Canadian artists Carole Condé and Karl Beveridge moved to New York City in 1969, and soon were at the centre of the burgeoning conceptual art movement. In 1975, they joined the Art & Language journal The Fox (with Joseph Kosuth and Ian Burn) and picketed the Museum of Modern Art to protest its lack of inclusion of women artists, while critiquing the apolitical minimalism of Donald Judd. This ferment culminated in a major museum show, It’s Still Privileged Art, at the Art Gallery of Ontario in 1976, just prior to the artists’ return to Toronto in1977. Rarely has a conjugal couple had such longevity as a collaborative artistic duo as Canada’s Carole Condé and Karl Beveridge. The history of visual art is replete with collaborations between artists and life partners who achieved their greatest critical success as individuals.

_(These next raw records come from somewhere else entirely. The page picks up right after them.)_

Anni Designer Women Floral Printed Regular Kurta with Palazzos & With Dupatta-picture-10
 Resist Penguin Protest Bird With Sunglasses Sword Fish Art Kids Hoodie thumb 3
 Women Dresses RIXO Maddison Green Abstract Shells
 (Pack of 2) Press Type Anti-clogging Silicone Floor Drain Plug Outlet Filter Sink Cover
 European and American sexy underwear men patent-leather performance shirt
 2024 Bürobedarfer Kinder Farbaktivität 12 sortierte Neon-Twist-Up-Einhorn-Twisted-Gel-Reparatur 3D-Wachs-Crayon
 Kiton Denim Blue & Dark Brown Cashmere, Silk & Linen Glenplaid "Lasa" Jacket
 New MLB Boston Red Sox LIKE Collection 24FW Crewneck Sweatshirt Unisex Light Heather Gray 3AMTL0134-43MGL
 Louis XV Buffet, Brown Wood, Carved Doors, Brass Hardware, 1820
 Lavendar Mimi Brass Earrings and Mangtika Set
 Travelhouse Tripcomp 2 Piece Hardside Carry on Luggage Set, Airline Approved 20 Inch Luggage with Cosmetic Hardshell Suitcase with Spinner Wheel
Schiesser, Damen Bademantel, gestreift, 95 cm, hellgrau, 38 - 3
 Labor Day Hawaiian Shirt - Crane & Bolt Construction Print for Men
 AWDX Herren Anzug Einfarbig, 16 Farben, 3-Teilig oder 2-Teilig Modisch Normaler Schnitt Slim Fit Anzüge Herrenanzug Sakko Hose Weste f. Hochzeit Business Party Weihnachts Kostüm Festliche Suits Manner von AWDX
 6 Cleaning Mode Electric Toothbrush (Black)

Georgia O’Keefe and Alfred Stieglitz, Diego Rivera and Frida Kahlo, Edward Weston and Tina Modotti easily come to mind. Closer to home, we have Christopher and Mary Pratt. But few have sustained a collaboration over a lifetime, and fewer still have signed their works as one single authorial entity. For this reason alone, Carole Condé and Karl Beveridge are a unique phenomenon. Perhaps the closest contemporary parallel to Condé and Beveridge as a collaborative duo are Bernd and Hilla Becher, the German photographers and conceptual artists who worked together for over 40 years. But that’s where the comparison stops.
By the late 1970s, Condé and Beveridge drew a focus on various issues that were urgent within the trade union movement. Their method of working dialogically with their subjects was invented for the landmark 1981 project Standing Up, and has been refined in numerous subsequent collaborations. In the past three decades, over fifty solo exhibitions of Condé and Beveridge’s work have been presented at major museums and art spaces on four continents, including: the Institute of Contemporary Art (London, UK); Museum Folkswang (Germany); George Meany Centre (Washington); Dazibao Gallery (Montreal); Centro Cultural Recoleta (Buenos Aires); Art Gallery of Edmonton; and the Australian Centre for Photography (Sydney). Condé and Beveridge’s repeated calls for reflection, accountability and social justice have gained them recognition as activist-artists dedicated to improving cultural consciousness. The pair has exhibited extensively in Canada and internationally, and have work in many public and community collections including those of the National Gallery of Canada, the Art Gallery of Ontario and the Stedelijk Museum.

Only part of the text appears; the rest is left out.